Middle of the Night Delirium

Yes, 1:00 AM and I am awake. Exhausted, yawning, bags under my eyes for the fourth night in a row, but awake.

When I was four and we lived in a split-level, my bedroom was right at the top of the stairs--about five steps above the living room. Whenever we had company, I would open my door a little and peek out. (Invariably, I'd get caught and get in trouble for it, but hey, I was four.) When we didn't have company and my parents were all the way down in the den (five steps below the living room), I would sneak down and sit on the top step and watch TV from there. It was a treat for me, but it was also the beginning of the late-night, sleep deprived pattern that I still tend to live by.

What do I do at night, awake so late? And why don't I just go to bed? (Two questions Mr. Brown has just stopped asking.) The answer to both: I don't know. I'm not addicted to chat rooms or even Facebook (though I do tend to keep an eye on it to see what my friends/family/colleagues are doing). I don't have any particular websites that I simply can't get enough of, and I'm usually not doing anything important. I'm not even always online.

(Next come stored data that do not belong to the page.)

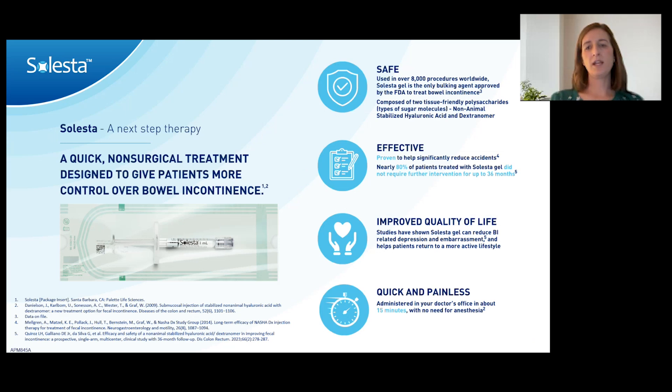Celesta is safe — over 8,000 procedures have been done worldwide, and I did one today. I've not had a patient have a complication from it, though I know it's possible. Patients tolerate it really well. It's been proven to have the potential to improve quality of life. The big benefits are that it's quick, it's painless, it can be done in your office without sedation, and it takes 15 minutes or less — and that's a big deal for patients.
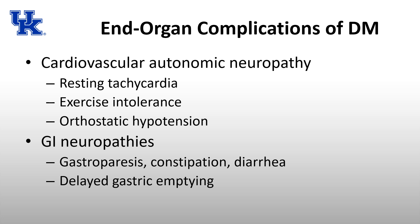Gastrointestinal neuropathies include gastroparesis, constipation, or diarrhea — specifically delayed gastric emptying. This increases the risk of aspiration on induction. Patients with gastroparesis can have large volumes in their stomach that may cause problems during positive pressure ventilation or induction.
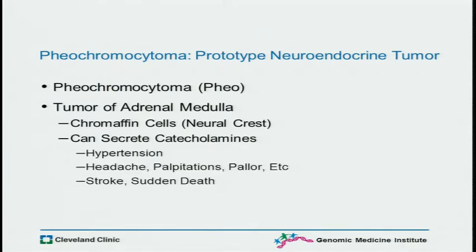Pheochromocytomas come from the adrenal medulla, and that means they're from neural crests. Neuroendocrine tumors in general come from neural crests. This one in particular can secrete catecholamines, and I don't think I have to tell this group that if it's not recognized, bad things happen.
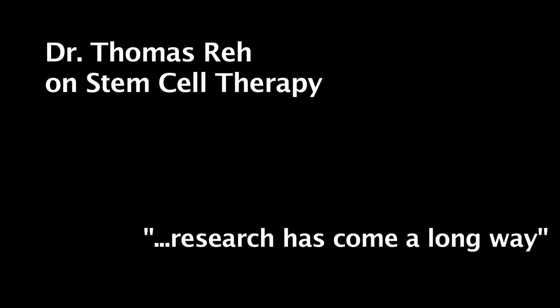Dr. Tom Ray on Stem Cell Therapy. Research has come a long way. Stem cells have come a long way in a very short period of time.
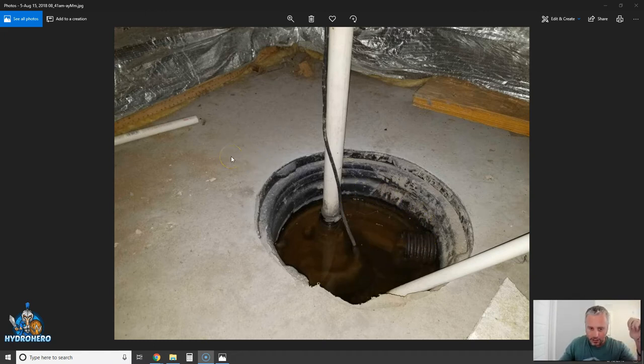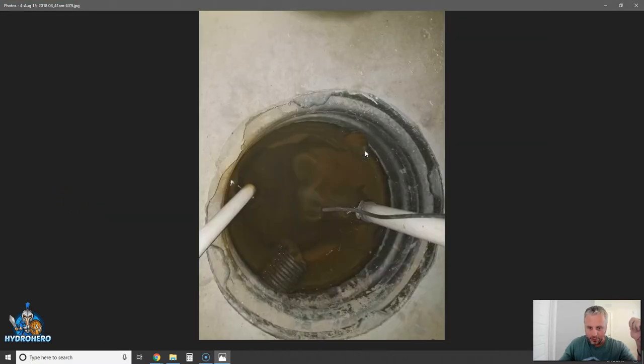Let's go over here and get a better picture. Iron bacteria is basically an organism that feeds on the nutrients that are in the water flowing through your drainage system. This doesn't happen in all drainage systems, just some. Once the microorganisms start feeding on the source, they actually attach themselves to the inside of the drainage, the basin, and onto the sump pump.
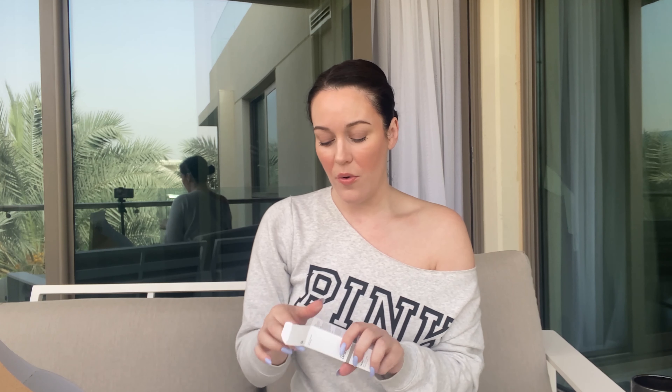Moving on, we have the Ordinary Buffet Serum. This is full of peptides. It has glycerin in it, which is a super hydrator, and humectant urea — great for moisturizing the skin. Tons of sodium hyaluronate, sodium hyaluronate cross polymer, allantoin — this is just packed with the best ingredients for the skin. I did run out of this a while ago and couldn't find it here in Dubai — sold out everywhere. It's hard to find The Ordinary products here, so that's why I bought it from Cult Beauty. It's so worth buying, and it's dirt cheap.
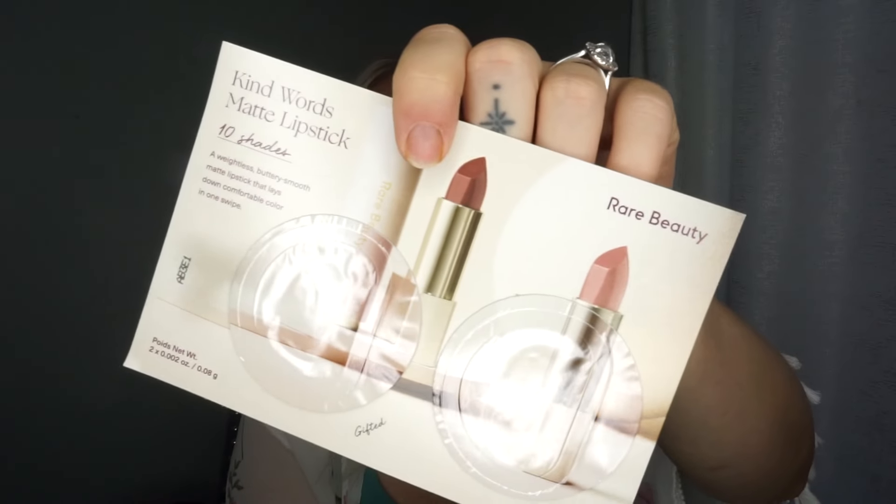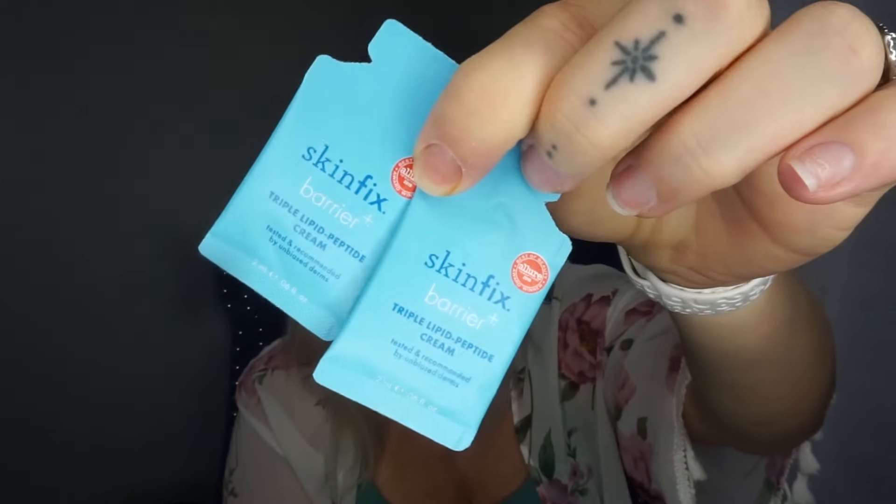Some smaller samples I got: Rare Beauty Kind Words Matte Lipstick in shades Gifted and Lightly — those are kind of shades I would go for. I also got a couple of Skin Fix Barrier Cream Triple Lipid Peptide Cream. I've purchased stuff from this brand before. It's really good for people with sensitive skin, eczema, psoriasis — skin conditions. My husband has really, really sensitive skin and he really likes this. It's a good brand if you have those skin sensitivities.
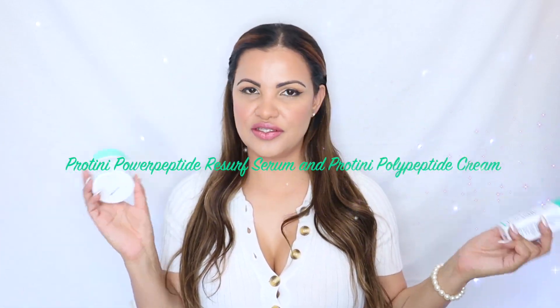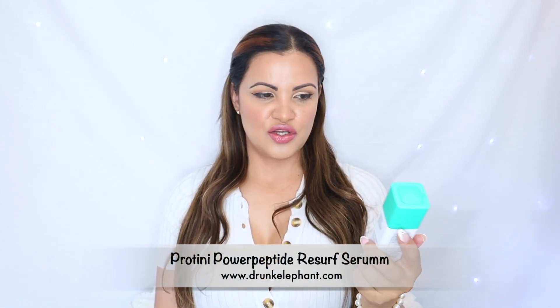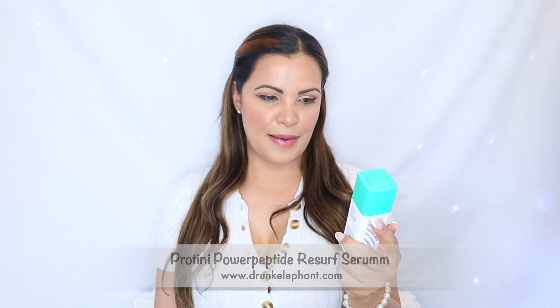Hi guys, welcome back to my channel! Today's video is super exciting — it's another product review for you guys. This review is going to be on the brand new serum from Drunk Elephant that's just out. I'm reviewing the Protein Power Peptide Resurface Serum.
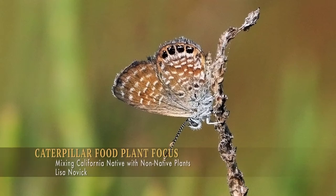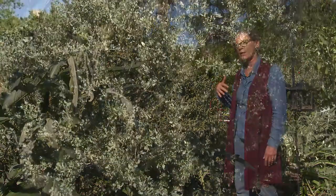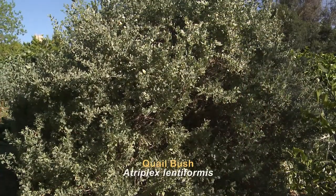The western pygmy blue butterfly's caterpillar can eat the leaves of quail bush and its close relative sulk bush. The caterpillar evolved to have enzymes in its stomach that are able to digest this type of leaf.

But I am always awake. (When I am stressed, as I am now, I am awake later, later, and later.) Last night, I made a vain attempt at going to bed a bit earlier than usual. I read, which I almost always do, and I finished the book. (James and the Giant Peach, which was funnier when I was a kid.) Then I laid there in bed, tossing, turning, staring at the ceiling, and thinking. I shoo'ed the kitten off me a couple dozen times, and I watched the clock tick. And I thought, and thought, and thought.

If it were constructive thinking, like, oh, about what I should write in my next blog, or how I can resolve some of my story issues, I wouldn't mind it so much. But I tend to think really ridiculous thoughts while I'm waiting for sleep. Like, what if I can't fall asleep all night but can't stay awake at my meeting in the morning? Will I get fired? How long would it take them to fire me? How would they fire me, on the phone or in person? What would I wear to that meeting, knowing that I could be getting fired? Should I wear something that would be comfortable to sleep in? Or should I wear something uncomfortable so I won't fall asleep and therefore won't get fired? What's the best way to wear my hair when I'm getting fired? Up, or down?

I tend to worry and make lists in my head that I can't remember the next day. Oh, that can drive a person insane... 'I know there was something else on my list last night, but darn it! I fell asleep and forgot it. I should have just stayed awake so I wouldn't forget it.' I used to work nights, so I live under the delusion that I can stay awake as long as I please. I can stay awake forever, if I want to. (The longest I've stayed awake was about 40 hours in a row.)

I think I'm an awake-aholic. I just like to be awake. I have always adapted poorly to change, so this is probably an extension of that personality disorder (of which I have many). I hate going from being awake to being asleep. Yet, since we're talking about sleep, I love it. I love to sleep... sleep for hours and hours and hours. Nine hours of sleep... ah, I love those morning dreams that I have (the only dreams that I remember). Sleep is wonderful. I could also be a sleep-aholic. I hate to wake up.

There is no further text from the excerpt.